ORIGINAL FRENCH ARTICLE: Chine. Pékin déclare la guerre à la pauvreté
by LINA SANKARI
Translated Tuesday 4 April 2017, by
China: Beijing Declares War on Poverty
FRIDAY, MARCH 3, 2017
Migrant worker housing in Hangzhou, a province of Zhejiang. Photo: William Hong/Reuters
Starting today, two major institutions of the People’s Republic will be focusing part of their attention and time on the implementation of the thirteenth five-year plan. By the year 2020, China intends to become a "moderately prosperous society."
The fuerdai are famous for their high jinks. They are "second-generation rich kids" who have been creating scandals in China for the past several years by displaying themselves on social media, driving luxury cars and swimming in bundles of cash. These wealthy, arrogant young people have a gift for heightening tensions in a country already rampant with inequalities. To ensure stability and create a "moderately prosperous society," the thirteenth five-year plan (2016-2020) emphasizes poverty reduction. Accomplishing that goal on time is the subject of the two annual sessions of the 12th National Committee of the Chinese People’s Political Consultative Conference, beginning today, and the 12th National People’s Congress, which begins Sunday.
The central authorities have chosen to focus on reducing inequality between the coastal territories of the east, which have been benefitting from the opening up of the country since the 1980s, and the underprivileged central and western regions of China. “That’s what’s happening today, for instance with projects like the initiative ’1,000 Companies Helping 1,000 Villages’ in which successful companies take poor villages under their wing, for example by investing locally," explains Dong Guoping in China Today. Dong is head of the international affairs department in the information bureau of the State Council. In the past four years over 55 million people have risen from poverty, and the government has compiled databases to help pinpoint the causes of impoverishment by region, including a precise timeline for the 40 million Chinese people still living below the poverty line.
Migrant workers from rural areas present population challenges
Specific projects are being developed; housing and training in new techniques and modern industries have been proposed. The issue of the children left behind when migrant workers go to the city for work is also the subject of particular scrutiny in terms of providing education and care. This rebalancing is urgent; rural society is losing its young people, who are drawn to urban employment. One problem is that large fluctuations of migrant workers from rural areas are difficult for urban populations to absorb. Another is that migrant workers who have moved permanently to the city but have no residence, permit remain second-class citizens in terms of access to health care, housing and education. These factors aggravate poverty. By planning reforms to the residence permit system, the central authorities hope to also do away with the lingering issue of urban poverty.

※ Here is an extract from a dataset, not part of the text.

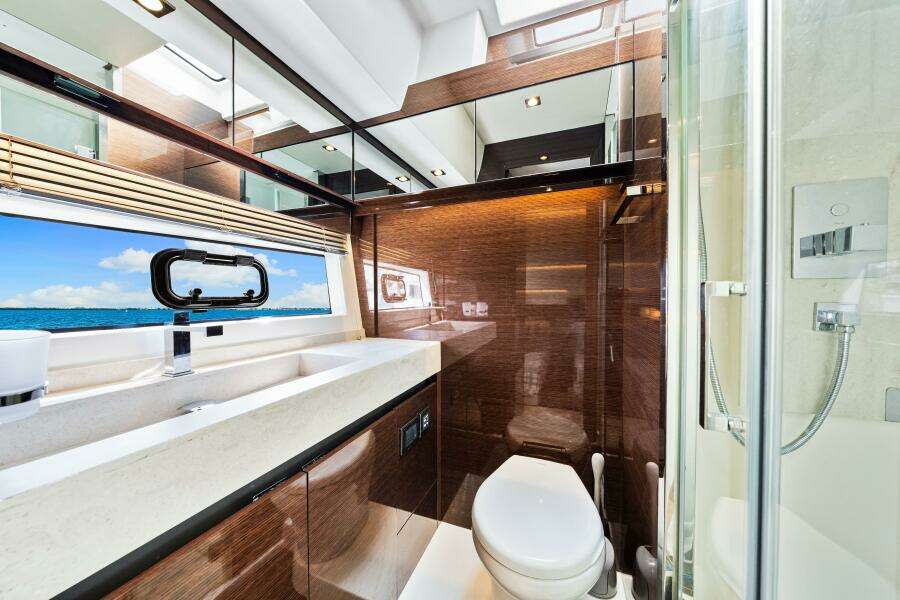 2019 Prestige 630 Flybridge - Head 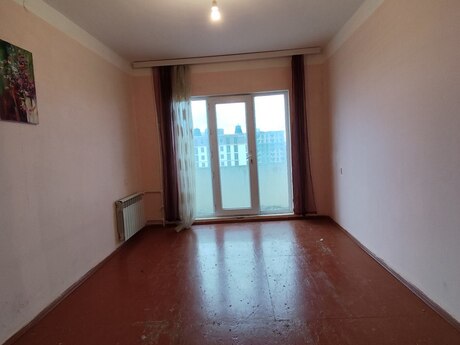Əhmədlidə 3 otaqlı köhnə tikili mənzil satılır, 90 m², 161 000 AZN, şəkil 2 / 12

Last Sunday offered an example of success; Jinggangshan (in the province of Jiangxi), which prides itself on being the "cradle of revolutionary activity of the Chinese Communist Party," was finally removed from the list of poor regions. According to the news agency Xinhua, "Today, people living below the poverty line represent 1.6% of the total population, which is lower than the national statistic of 2%." In the village of Shibadong (Hunan), inhabited by the Miao minority, the annual net earnings per resident have gone from 320 euros four years ago to 1,148 euros today. A study was done there on the development of crops, livestock, embroidery, the providing of services and rural tourism, which helped the village to emerge from poverty. Liu Hekui, Deputy Director of the Office of Reservoirs, Ecology and Immigration of the Huishui district (an autonomous county in Guizhou), spoke to the underlying logic of the approach. "Most of the residents we relocated were living in poor, isolated regions that are both inaccessible and unlikely to experience growth. The new industrial park where they are now living offers them many employment opportunities. Equity and stability depend, more than anything else, on employment." This year, China plans to relocate 3.4 million people from the communities hit hardest by poverty to more developed sectors.
Two Key Sessions
These two sessions of the National People’s Congress and the National Committee of the Chinese People’s Political Consultative Conference are crucial moments prior to this autumn’s 19th Congress of the Chinese Communist Party (CCP). The deputies of the National People’s Congress and the political advisors will also be discussing the development goals set by the central government and Xi Jinping’s proposals on governance.